Der Rückweg wurde immer abenteuerlicher und zeigte uns den Kanton Zürich von einer ungewohnten Seite: Vernachlässigte Bauernhöfe, Wanderwege, die als solche nicht mehr zu erkennen waren und eigentlich ein Schild bekommen sollten: „Begehen auf eigene Gefahr“ … ausserdem ziemlich viele Häuser mit ungepflegten Gärten. Ist das Zürcher Oberland ausgestorben? Einen Bewohner trafen wir dann doch und der wusste nicht mal, dass 20 Meter von seinem Hof weg ein Wanderweg durchgeht.

Besser gefiel uns da die Aussicht: Das Alpenpanorama war vor allem am Nachmittag zum Greifen nahe. Aber auch die Landschaft im Zürcher Oberland ist sehr schön. Ausserdem trafen wir nur zufriedene Tiere: Kühe mit Hörnern, Schweine mit Auslauf, neugierige Kälbli, glücklicherweise keine Hofhunde.

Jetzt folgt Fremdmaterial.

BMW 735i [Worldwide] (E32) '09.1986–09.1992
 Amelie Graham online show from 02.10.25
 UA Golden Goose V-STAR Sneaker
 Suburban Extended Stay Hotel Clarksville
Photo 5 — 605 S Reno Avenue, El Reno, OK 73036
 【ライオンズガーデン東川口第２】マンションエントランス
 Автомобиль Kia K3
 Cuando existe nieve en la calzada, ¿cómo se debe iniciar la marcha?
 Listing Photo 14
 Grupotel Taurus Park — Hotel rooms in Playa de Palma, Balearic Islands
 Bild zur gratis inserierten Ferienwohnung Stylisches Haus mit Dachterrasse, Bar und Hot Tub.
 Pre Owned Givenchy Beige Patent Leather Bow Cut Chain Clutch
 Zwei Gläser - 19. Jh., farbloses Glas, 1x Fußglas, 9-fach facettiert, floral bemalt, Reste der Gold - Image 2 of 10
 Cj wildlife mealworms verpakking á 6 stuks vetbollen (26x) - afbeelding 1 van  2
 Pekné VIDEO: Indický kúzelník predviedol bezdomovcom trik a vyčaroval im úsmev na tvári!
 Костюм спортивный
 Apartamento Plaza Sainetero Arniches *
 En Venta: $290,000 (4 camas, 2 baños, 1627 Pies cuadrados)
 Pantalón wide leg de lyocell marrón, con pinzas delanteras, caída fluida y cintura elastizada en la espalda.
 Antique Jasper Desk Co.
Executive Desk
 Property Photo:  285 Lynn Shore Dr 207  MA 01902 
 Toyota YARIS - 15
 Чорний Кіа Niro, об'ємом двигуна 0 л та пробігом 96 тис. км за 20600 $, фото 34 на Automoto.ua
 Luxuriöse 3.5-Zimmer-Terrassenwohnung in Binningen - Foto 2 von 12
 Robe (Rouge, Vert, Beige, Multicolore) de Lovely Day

Wie nahmen uns ausreichend Zeit für den Rückweg, die Sonne brannte erbarmungslos und so legten wir die eine oder andere Pause ein, wenn wir irgendwo Schatten fanden. Eine nette junge Bäuerin mit einem sehr schönen und aufgeräumten Hof (muss auch mal gesagt werden) füllte unsere Wasserflaschen und bot sogar an, uns nach Gibswil zu fahren. Aber die letzte Stunde wollten wir dann auch noch laufen: Das erste Stück durch einen idyllischen Tobel, dann wieder an der prallen Sonne. Schliesslich tauchten sogar Wegweiser nach Gibswil auf, aber inzwischen waren wir geübt darin, auch ohne vorwärts zu kommen.

Unsere abenteuerliche, schöne Hochsommerwanderung endete im Garten des Restaurants Gibswilerstube bei einem kühlen Panaché.

Danke Mädels für den lässigen Tag! Jederzeit gerne wieder … und wenn die Herren müde sind, pffff …. wir finden unseren Weg auch alleine 🙂 Und wenn sie nächstes Mal nicht „streiken“, nehmen wir sie natürlich sehr gerne wieder mit. Selbstverständlich sind auch neue Wanderkolleginnen und -kollegen immer herzlich willkommen!